I hope my flight isn't any indication of what I can expect from my new life as a Washingtonian.
It started with the cab ride. My taxi driver talked and talked about how it's as good thing he speaks more than one language because he can listen to the different sources of news and know what's really going on with Bush. Awful, awful Bush. I don't usually mind chatty, Bush-bashing drivers, but I was really tired and wasn't in the mood. I was running late for my flight.
And when I turned in my luggage for curbside check-in, I was DENIED because I was over my weight limit. I guess too much stuff in my bags is better than too much junk in my trunk, but it was annoying nonetheless.

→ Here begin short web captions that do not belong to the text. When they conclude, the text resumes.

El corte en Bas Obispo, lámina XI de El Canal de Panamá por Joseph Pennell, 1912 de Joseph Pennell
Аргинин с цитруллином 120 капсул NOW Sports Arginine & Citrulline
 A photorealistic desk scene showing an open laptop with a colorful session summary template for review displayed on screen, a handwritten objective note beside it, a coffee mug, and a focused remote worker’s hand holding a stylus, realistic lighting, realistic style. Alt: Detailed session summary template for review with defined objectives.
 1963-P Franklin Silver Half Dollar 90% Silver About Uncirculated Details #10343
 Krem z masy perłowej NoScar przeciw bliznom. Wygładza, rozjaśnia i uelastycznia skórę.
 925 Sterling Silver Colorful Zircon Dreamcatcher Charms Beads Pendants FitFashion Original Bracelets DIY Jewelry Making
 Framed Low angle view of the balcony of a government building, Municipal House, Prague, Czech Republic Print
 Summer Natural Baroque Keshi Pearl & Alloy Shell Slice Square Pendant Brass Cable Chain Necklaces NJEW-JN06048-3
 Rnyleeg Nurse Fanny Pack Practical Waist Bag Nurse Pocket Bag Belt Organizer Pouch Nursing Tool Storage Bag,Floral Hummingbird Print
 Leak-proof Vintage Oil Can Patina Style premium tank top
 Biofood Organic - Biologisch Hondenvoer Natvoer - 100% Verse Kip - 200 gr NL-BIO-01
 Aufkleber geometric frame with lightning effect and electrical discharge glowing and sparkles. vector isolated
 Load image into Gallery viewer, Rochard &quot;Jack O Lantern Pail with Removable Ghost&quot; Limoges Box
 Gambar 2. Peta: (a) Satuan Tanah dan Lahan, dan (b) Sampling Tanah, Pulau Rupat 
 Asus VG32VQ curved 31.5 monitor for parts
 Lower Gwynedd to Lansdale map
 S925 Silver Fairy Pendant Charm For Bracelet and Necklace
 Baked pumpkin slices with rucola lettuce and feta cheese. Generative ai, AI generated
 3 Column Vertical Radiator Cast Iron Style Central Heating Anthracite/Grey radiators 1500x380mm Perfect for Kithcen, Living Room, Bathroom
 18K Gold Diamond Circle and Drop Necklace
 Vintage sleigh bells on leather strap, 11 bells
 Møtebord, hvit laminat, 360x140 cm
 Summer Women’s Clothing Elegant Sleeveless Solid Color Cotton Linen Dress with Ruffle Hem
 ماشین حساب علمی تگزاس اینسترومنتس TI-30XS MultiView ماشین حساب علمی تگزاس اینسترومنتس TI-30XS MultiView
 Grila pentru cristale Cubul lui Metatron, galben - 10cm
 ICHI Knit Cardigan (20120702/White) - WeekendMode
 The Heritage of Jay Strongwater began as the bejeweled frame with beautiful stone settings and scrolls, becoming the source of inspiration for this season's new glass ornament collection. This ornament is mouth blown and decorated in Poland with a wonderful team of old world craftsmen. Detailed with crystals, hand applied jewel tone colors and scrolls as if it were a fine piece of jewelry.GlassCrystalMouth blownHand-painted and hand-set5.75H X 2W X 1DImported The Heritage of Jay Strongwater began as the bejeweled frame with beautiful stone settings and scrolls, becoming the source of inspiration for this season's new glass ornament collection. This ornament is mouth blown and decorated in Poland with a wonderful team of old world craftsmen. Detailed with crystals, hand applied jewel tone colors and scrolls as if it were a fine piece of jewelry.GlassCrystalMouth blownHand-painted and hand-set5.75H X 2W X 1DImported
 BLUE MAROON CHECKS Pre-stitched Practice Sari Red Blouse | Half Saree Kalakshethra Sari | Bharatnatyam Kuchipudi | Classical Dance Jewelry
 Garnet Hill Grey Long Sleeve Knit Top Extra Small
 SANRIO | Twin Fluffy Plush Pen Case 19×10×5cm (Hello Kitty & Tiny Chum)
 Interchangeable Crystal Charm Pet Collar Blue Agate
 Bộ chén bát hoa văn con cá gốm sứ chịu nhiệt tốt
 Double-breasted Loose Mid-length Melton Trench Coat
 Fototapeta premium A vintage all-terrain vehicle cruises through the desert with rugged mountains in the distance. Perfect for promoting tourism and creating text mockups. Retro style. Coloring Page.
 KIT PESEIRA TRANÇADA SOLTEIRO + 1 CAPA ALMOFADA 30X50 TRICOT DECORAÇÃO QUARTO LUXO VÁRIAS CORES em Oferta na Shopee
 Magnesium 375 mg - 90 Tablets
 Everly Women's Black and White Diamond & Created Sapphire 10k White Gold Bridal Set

I finally got to the gate with only two minutes to spare. It was a full flight, and I found myself seated next to an older Korean couple. The man got up to let me in for my window seat, but the woman tried to remain seated. She pointed at my seat with her hands palm side up, indicating that she wanted me to squeeze past her. I'm sorry to say that I'm more than a mere 4" thick, so that would've required me to CLIMB OVER HER. Sorry, ajuma, but my mama and halmunee (grandma) are the only older Korean women who can ask me to make myself that uncomfortable for them.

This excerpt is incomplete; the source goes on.